Rupa-Rupa Tuhan
Tuhan tidaklah tunggal. Pernyataan itu
agaknya terlalu menyesatkan untuk di ucapkan.
Namun disini saya tak bermaksud memprovokasi setiap orang untuk menanggalkan
keyakinannya akan ke-Esa-an Tuhan. Dan sepertinya setiap orang tak perlu
diprovokasi. Kita telah memprovokasi diri sendiri dan menciptakan keyakinan
baru dalam diri bahwa Tuhan tidaklah tunggal. Silahkan mengelak. Hal demikian
adalah wajar apatah lagi untuk orang-orang yang taat agama.
Namun kita mesti mawas diri, bahwa
keberimanan tak pernah utuh. Iman selalu retak tatkala “sang liyan” memaksa
kita untuk menyembahnya. Politik telah menjadi “Tuhan”, uang, kekuasaan telah
menjadi “Tuhan” dan hampir dari segalanya telah menjadi “Tuhan-Tuhan” baru.

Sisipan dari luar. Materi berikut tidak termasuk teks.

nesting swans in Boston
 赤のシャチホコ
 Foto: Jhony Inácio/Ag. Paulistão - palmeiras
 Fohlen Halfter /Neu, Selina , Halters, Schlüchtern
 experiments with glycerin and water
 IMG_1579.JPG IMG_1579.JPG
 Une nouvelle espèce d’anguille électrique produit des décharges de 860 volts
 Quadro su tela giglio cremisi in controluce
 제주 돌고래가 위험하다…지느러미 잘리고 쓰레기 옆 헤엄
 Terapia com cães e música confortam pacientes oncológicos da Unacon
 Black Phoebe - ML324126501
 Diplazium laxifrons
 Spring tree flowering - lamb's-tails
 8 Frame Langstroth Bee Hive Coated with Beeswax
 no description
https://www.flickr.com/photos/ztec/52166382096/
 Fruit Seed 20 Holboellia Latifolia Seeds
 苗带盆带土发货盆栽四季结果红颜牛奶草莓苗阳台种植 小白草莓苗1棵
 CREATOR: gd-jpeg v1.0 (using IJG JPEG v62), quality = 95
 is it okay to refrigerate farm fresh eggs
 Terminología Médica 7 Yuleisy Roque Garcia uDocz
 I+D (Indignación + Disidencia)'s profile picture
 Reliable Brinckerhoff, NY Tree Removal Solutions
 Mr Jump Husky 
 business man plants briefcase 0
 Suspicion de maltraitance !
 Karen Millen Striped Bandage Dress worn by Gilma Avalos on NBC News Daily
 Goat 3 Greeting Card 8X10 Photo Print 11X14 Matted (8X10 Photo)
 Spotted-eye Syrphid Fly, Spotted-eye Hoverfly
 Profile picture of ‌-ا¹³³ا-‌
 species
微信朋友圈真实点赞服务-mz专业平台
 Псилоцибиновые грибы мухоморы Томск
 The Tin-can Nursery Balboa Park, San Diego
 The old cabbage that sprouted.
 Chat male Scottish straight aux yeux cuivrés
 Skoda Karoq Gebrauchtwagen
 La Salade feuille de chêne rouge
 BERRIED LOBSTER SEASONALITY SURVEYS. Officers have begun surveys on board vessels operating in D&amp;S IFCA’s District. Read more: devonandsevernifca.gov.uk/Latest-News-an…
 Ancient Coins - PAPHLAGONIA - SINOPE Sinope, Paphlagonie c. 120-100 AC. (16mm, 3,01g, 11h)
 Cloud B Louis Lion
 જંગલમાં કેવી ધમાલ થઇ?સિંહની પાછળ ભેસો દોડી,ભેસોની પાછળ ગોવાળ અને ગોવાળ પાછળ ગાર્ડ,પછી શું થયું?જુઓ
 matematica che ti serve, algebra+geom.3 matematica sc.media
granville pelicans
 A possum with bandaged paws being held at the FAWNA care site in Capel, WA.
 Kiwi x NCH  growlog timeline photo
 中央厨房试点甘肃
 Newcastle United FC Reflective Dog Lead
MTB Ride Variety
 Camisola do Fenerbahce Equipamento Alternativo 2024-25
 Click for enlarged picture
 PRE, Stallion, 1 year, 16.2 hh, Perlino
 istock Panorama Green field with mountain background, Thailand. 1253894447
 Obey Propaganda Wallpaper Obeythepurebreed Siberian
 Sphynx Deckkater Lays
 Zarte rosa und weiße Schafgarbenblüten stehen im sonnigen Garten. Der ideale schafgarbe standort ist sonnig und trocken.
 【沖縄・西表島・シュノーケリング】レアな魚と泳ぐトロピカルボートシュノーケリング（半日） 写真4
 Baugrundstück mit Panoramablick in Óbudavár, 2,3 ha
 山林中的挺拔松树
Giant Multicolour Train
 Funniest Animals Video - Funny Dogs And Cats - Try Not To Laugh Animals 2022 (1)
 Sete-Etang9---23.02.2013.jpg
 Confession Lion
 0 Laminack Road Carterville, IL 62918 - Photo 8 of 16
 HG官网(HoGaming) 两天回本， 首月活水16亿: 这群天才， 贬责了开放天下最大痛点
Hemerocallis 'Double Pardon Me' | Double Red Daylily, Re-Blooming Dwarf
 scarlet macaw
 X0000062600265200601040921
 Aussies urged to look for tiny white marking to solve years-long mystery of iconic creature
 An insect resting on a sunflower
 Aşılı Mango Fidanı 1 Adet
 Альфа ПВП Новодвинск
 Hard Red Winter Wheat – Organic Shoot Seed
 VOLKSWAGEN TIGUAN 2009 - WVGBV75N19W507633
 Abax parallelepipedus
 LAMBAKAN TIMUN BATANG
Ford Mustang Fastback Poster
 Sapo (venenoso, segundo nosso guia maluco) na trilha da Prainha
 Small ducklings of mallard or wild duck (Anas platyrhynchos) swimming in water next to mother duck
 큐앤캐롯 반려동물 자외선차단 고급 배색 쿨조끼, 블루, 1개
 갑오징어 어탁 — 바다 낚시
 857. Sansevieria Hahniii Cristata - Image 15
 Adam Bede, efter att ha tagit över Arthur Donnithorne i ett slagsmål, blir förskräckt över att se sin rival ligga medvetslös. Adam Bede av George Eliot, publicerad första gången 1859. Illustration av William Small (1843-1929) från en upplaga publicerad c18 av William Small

Tindakan kita membuat keberTuhanan kita tidak lagi mengarah pada yang sentral.
Namun disetiap sudut, disekeliling kita, disekitar kita telah menjadi
berhala-berhala baru untuk kita. Diri kita sendiri telah membuat Tuhan tak
tunggal lagi. Alih-alih beriman dan taat pada Tuhan namun sebenarnya
keberimanan ini telah tergadai oleh “rupa-rupa Tuhan”.
Dahulu, ada ungkapan “Tuhan telah mati” (Nietzsche)...
Sebab
(mencoba menerka jalan pikiran Nietzsche) narasi besar, universalitas,
kebenaran tunggal sebagai “Tuhan” manusia modern tak lagi menemukan momennya
untuk hadir . menurut Nietczhe, dulu manusia modern membunuh Tuhan, namun
ternyata kebebasannya, otonominya telah melahirkan “Tuhan-Tuhan baru” yang
banyak rupa, “Tuhan-Tuhan modernitas”; narasi besar, universalitas, kebenaran
tunggal. Namun hal ikhwal tersebut telah dibunuh oleh era baru, era nihilisme.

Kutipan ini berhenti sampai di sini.